##### SUPPLIED DATA #####
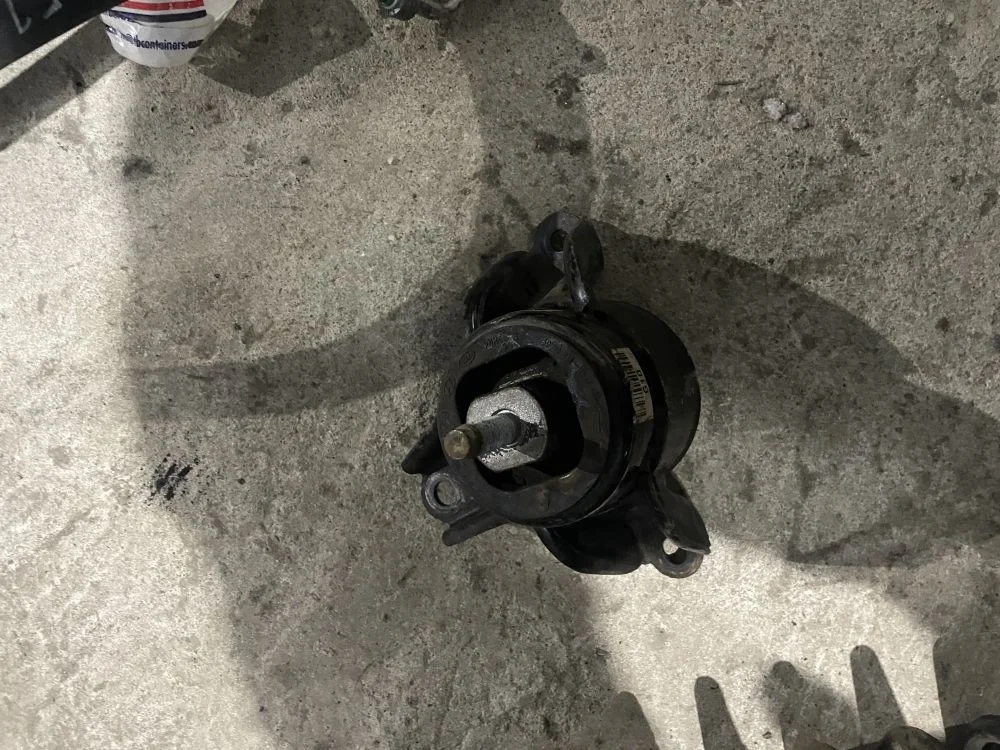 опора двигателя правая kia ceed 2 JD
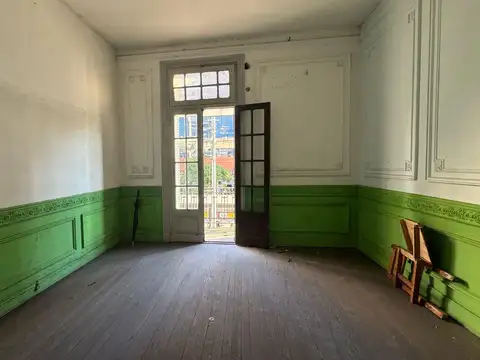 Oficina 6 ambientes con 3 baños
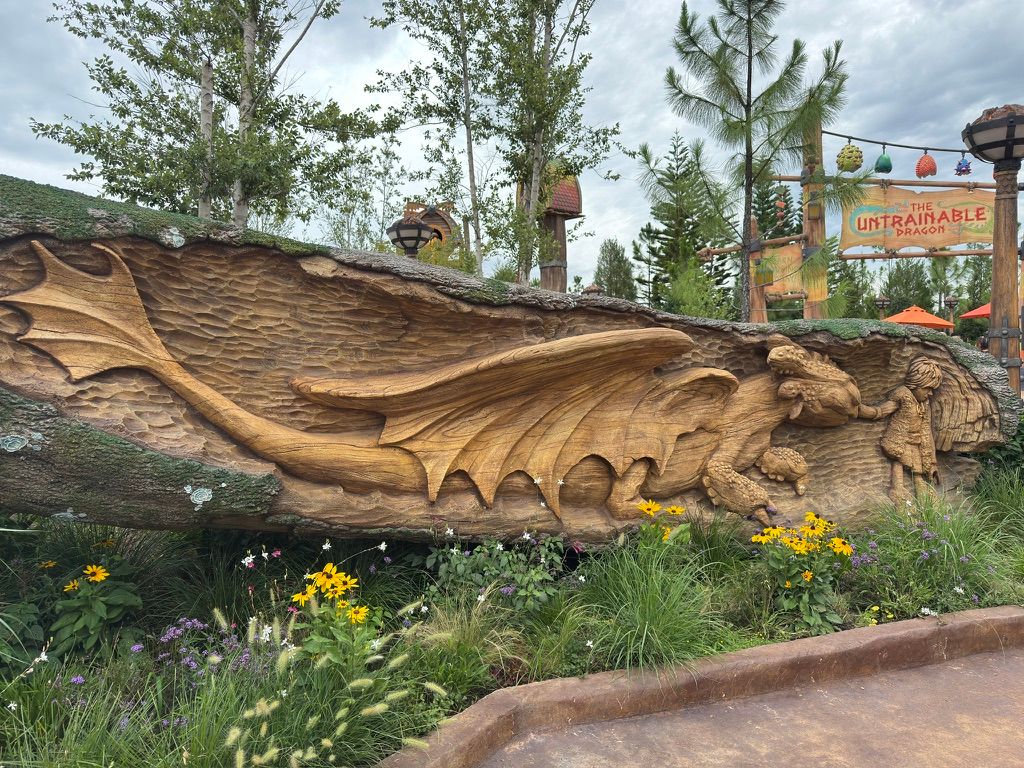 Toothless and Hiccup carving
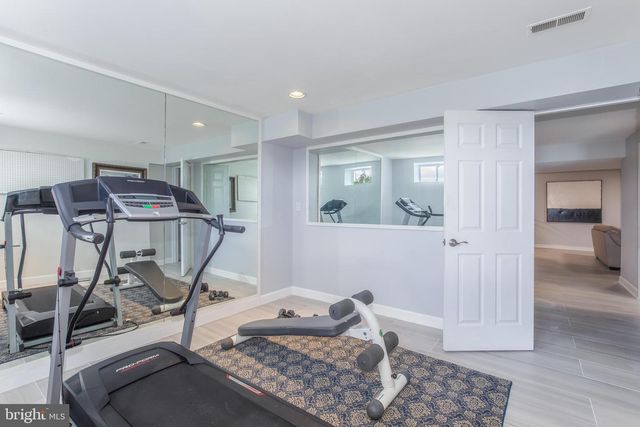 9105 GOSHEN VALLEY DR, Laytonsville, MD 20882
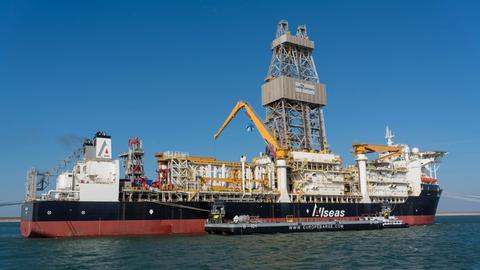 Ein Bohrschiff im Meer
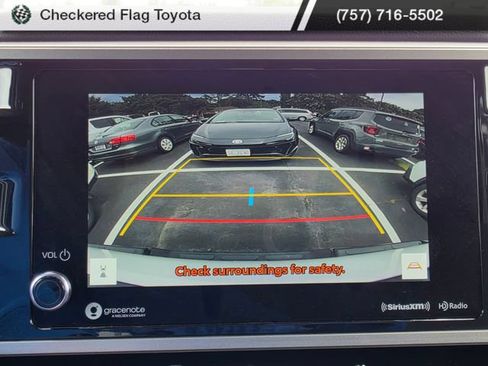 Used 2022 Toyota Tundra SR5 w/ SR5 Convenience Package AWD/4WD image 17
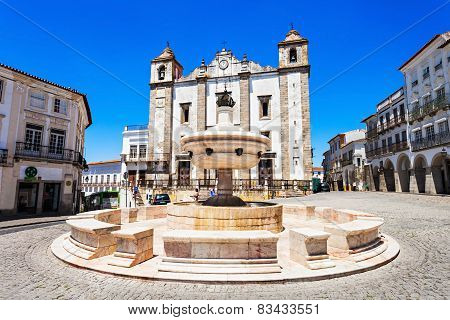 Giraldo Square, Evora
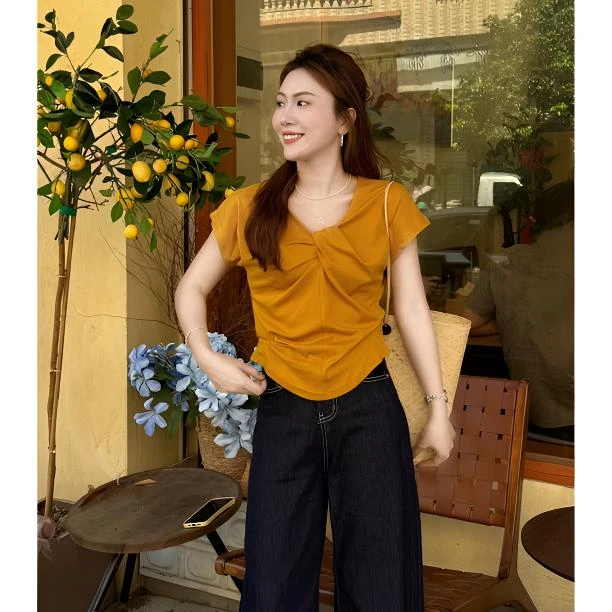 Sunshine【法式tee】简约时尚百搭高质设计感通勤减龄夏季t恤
#####
DIRECTIONS FOR THIS TASK:
Reproduce the listing word for word. Do not carry over the pictures.

SOLVED PROBLEM:
 опора двигателя правая kia ceed 2 JD
 Oficina 6 ambientes con 3 baños
 Toothless and Hiccup carving
 9105 GOSHEN VALLEY DR, Laytonsville, MD 20882
 Ein Bohrschiff im Meer
 Used 2022 Toyota Tundra SR5 w/ SR5 Convenience Package AWD/4WD image 17
 Giraldo Square, Evora
 Sunshine【法式tee】简约时尚百搭高质设计感通勤减龄夏季t恤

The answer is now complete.